:: EXERCISE BRIEF ::
The entries below must be retyped in full. Keep every word the same.

Data excerpts:
※ ※ ※

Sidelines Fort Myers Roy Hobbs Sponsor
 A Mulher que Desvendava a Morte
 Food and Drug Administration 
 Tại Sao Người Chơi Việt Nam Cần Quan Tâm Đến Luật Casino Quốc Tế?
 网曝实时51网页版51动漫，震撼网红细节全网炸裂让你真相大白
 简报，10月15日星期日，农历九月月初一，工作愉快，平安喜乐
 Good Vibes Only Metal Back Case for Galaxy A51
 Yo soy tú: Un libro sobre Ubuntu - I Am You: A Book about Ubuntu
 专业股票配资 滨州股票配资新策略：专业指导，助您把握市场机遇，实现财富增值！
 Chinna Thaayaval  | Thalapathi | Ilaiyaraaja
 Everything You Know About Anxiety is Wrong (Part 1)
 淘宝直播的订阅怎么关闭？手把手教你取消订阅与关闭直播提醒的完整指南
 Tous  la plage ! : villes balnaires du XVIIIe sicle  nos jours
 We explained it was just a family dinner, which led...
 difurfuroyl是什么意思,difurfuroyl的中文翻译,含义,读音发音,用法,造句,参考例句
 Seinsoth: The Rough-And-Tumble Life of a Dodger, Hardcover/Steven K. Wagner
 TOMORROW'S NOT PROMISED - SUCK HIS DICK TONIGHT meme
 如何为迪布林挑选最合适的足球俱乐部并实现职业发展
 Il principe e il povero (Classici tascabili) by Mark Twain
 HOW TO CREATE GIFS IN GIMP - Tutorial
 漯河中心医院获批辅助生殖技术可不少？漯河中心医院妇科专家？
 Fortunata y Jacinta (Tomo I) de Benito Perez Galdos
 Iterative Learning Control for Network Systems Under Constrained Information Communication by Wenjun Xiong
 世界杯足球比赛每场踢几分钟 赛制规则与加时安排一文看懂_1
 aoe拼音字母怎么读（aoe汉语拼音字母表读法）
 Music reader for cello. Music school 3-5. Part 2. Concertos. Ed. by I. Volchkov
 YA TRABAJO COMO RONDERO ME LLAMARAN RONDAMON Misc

※ ※ ※

:: ANSWER SPACE ::
Sidelines Fort Myers Roy Hobbs Sponsor
 A Mulher que Desvendava a Morte
 Food and Drug Administration 
 Tại Sao Người Chơi Việt Nam Cần Quan Tâm Đến Luật Casino Quốc Tế?
 网曝实时51网页版51动漫，震撼网红细节全网炸裂让你真相大白
 简报，10月15日星期日，农历九月月初一，工作愉快，平安喜乐
 Good Vibes Only Metal Back Case for Galaxy A51
 Yo soy tú: Un libro sobre Ubuntu - I Am You: A Book about Ubuntu
 专业股票配资 滨州股票配资新策略：专业指导，助您把握市场机遇，实现财富增值！
 Chinna Thaayaval  | Thalapathi | Ilaiyaraaja
 Everything You Know About Anxiety is Wrong (Part 1)
 淘宝直播的订阅怎么关闭？手把手教你取消订阅与关闭直播提醒的完整指南
 Tous  la plage ! : villes balnaires du XVIIIe sicle  nos jours
 We explained it was just a family dinner, which led...
 difurfuroyl是什么意思,difurfuroyl的中文翻译,含义,读音发音,用法,造句,参考例句
 Seinsoth: The Rough-And-Tumble Life of a Dodger, Hardcover/Steven K. Wagner
 TOMORROW'S NOT PROMISED - SUCK HIS DICK TONIGHT meme
 如何为迪布林挑选最合适的足球俱乐部并实现职业发展
 Il principe e il povero (Classici tascabili) by Mark Twain
 HOW TO CREATE GIFS IN GIMP - Tutorial
 漯河中心医院获批辅助生殖技术可不少？漯河中心医院妇科专家？
 Fortunata y Jacinta (Tomo I) de Benito Perez Galdos
 Iterative Learning Control for Network Systems Under Constrained Information Communication by Wenjun Xiong
 世界杯足球比赛每场踢几分钟 赛制规则与加时安排一文看懂_1
 aoe拼音字母怎么读（aoe汉语拼音字母表读法）
 Music reader for cello. Music school 3-5. Part 2. Concertos. Ed. by I. Volchkov
 YA TRABAJO COMO RONDERO ME LLAMARAN RONDAMON Misc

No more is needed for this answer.